Le match PC/Mac, le plug-and-play, les icônes, les polices, les imprimantes laser, l’OSX, l’iBook, la suite iLife avec GarageBand, iPhoto et iMovie, l’iPod et iTunes, l’iPhone et l’iPad sont autant d’étapes remémorées sans effort, qui ont scandé les vingt dernières années d’innovations toutes plus ébouriffantes les unes que les autres, et ont accompli la métamorphose de l’informatique, passée d’un triste outil de productivité bureautique au support naturel de toutes nos pratiques culturelles.
Après avoir redessiné l’ordinateur personnel, le commerce de la musique et la téléphonie, Steve jobs a fini par faire disparaître l’informatique dans les usages. De quoi se faire haïr à jamais par les puristes de l’outil. Plutôt que la religion de l’outil, Jobs pratiquait celle de l’usager. Plutôt qu’au geek barbu, il pensait à sa mère.

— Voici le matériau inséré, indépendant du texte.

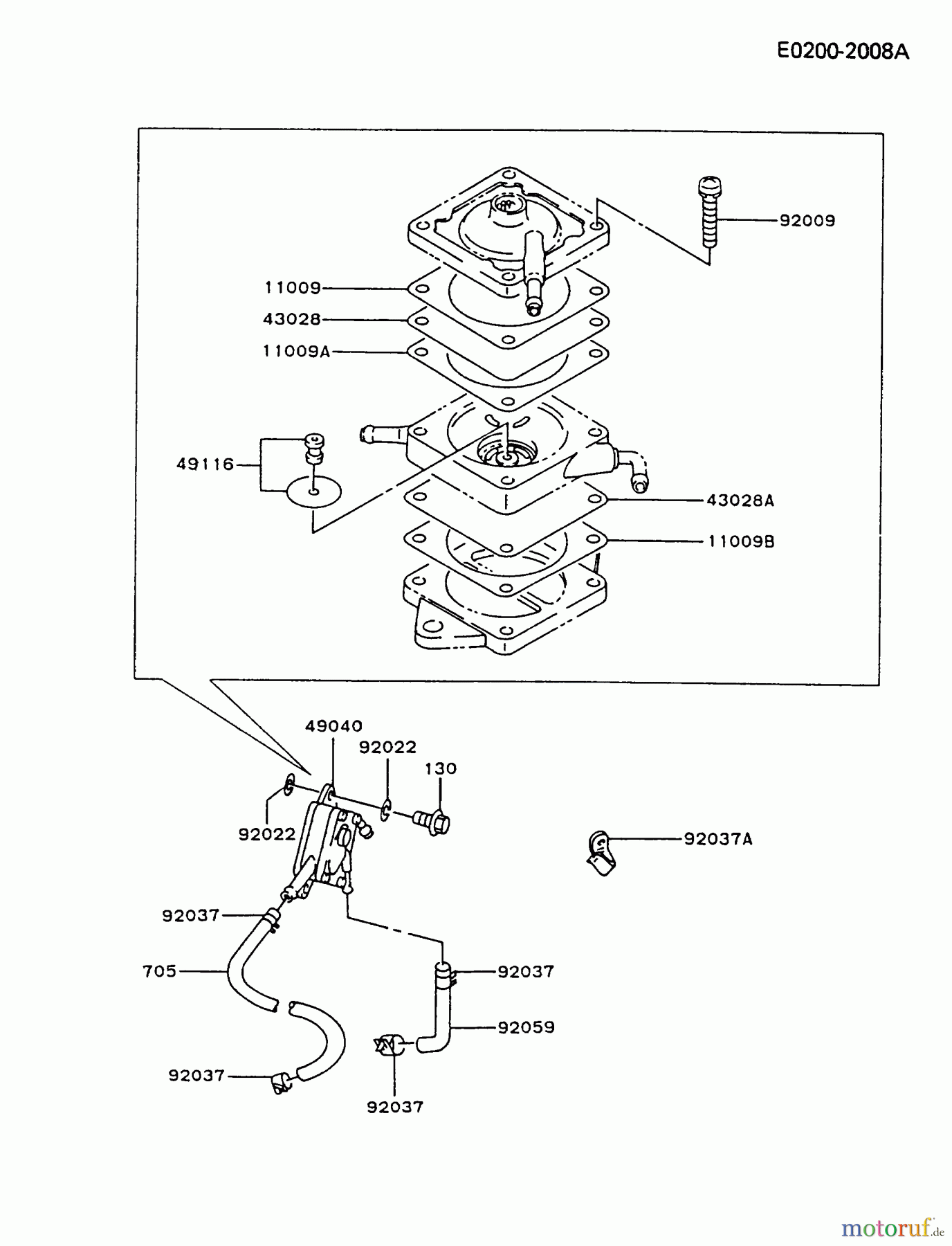  Kawasaki Motoren Motoren Vertikal FA210V - AS02 bis FH641V - DS24 FC420V-AS03 - Kawasaki FC420V 4-Stroke Engine FUEL-TANK/FUEL-VALVE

Quatre environnements ont changé nos vies: Apple, le web, Google et Facebook. Quatre environnements qui ont lié comme jamais industrie et culture, et sont chacun marqués par la vocation hégémonique qu’impose la logique industrielle. Des quatre, Apple est sans aucun doute celui qui est resté le plus lié à la signature de son fondateur. L’aventure de l’informatique comme un des beaux-arts est la dernière grande aventure américaine, à laquelle nous avons tous participé. Toutes les heures passées sur nos si belles machines à rêve sont des heures que nous lui devons.